Seit Lyndon B. Johnson (1908–1973) steht es im Oval Office, wenn US-Präsidenten für die Fotografen posieren. Und doch nimmt es kaum jemand wahr. Es ist das ungestüme Pferd des amerikanischen Künstlers Frederic Remington (1861–1909), eines der berühmtesten Chronisten des Wilden Westens. Seine Bronzeskulptur «Bronco Buster» zeigt einen Cowboy auf einem wilden Bronco, der sich aufbäumt und vergebens versucht, den Reiter abzuwerfen.
Die kraftvolle Bronzeskulptur wurde zum Symbol für den Geist der ersten Siedler, für die Unterwerfung von Natur und Fleisch. Es zeigt die Widerstandskraft, Stärke, Entschlossenheit und den Mut der Pioniere, die Richtung Westen zogen, um sich vermeintlich unberührtes Land untertan zu machen.
Eine Ikone der amerikanischen Kunst
Frederic Remington dokumentierte als Maler, Illustrator und Bildhauer eine exotische Welt, die, kaum entdeckt, bereits wieder am Verschwinden war. Obwohl der Kunststudent Remington aus einer wohlhabenden Familie stammte, oder vielleicht gerade deshalb, widerstrebte ihm ein Leben als «rich kid» in den traditionellen Ateliers.
Die Neugierde lockte ihn in die Weiten der Prärie jenseits der Rocky Mountains. Die Menschen in jener «Wildnis» wurden seine Lehrmeister. Er dokumentierte Härte und Romantik im Alltag der Cowboys, Siedler, Trapper, Soldaten und Ureinwohner. Mit dem «Bronco Buster» erschuf der 130 Kilo schwere Lebemann eine Ikone der amerikanischen Kunst und prägte mit den Illustrationen, die wöchentlich in «Harper’s Weekly» erschienen, massgeblich das Bild des Wilden Westens und der späteren Popkultur.
Ähnlich wie neue Päpste mit der Wahl des Papstnamens Absichten und Prioritäten kundtun, sind auch Gemälde und Skulpturen im Oval Office weit mehr als blosse Einrichtungsgegenstände.
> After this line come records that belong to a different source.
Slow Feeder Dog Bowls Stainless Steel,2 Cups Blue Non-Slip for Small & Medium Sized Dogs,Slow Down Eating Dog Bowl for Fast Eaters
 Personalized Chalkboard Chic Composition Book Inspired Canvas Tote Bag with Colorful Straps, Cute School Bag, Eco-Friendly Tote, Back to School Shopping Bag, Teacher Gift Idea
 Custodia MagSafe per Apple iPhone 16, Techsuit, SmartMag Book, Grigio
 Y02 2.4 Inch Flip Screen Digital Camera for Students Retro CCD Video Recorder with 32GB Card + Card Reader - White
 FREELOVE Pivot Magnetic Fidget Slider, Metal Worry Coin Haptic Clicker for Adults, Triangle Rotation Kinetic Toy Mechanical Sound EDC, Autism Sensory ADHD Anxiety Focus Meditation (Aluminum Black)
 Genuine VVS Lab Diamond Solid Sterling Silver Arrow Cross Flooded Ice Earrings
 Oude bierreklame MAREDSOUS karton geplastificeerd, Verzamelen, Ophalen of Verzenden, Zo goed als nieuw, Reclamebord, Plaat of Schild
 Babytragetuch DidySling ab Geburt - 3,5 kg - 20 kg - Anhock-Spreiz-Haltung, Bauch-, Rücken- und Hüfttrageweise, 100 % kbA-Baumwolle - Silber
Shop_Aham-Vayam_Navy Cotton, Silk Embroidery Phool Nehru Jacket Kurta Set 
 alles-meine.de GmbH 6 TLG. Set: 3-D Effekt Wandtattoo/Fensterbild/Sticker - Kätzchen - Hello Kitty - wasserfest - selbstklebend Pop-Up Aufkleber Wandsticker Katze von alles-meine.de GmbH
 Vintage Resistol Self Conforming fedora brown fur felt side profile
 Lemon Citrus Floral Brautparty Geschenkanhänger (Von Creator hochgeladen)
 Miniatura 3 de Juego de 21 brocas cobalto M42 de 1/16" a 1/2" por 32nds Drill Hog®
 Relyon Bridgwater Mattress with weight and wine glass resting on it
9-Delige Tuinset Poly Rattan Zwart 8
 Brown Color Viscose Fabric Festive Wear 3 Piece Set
Auch Churchill feiert ein Comeback im Chefbüro
George W. Bush (US-Präsident 2001–2009) stellte eine Churchill-Büste in sein Büro, Barack Obama (2009–2017) entfernte sie, Donald Trump (2017–2021) stellte sie wieder auf, Joe Biden (2021–2025) verbannte sie wieder in den Keller, Donald Trump holte sie im Januar 2025 wieder ins Büro. Und er liess ein Gemälde von Andrew Jackson (1767–1845) an die Wand hängen, das Porträt eines Präsidenten, der einem menschlichen Bulldozer gleich kaum einen Stein auf dem anderen liess, sich mehrfach duellierte, brutale Schlachten gegen amerikanische Ureinwohner führte, ein Attentat überlebte und aussenpolitisch wenig Interesse zeigte, sieht man von seinem Wunsch ab, dass sich das damals souveräne Texas den Vereinigten Staaten anschliesst.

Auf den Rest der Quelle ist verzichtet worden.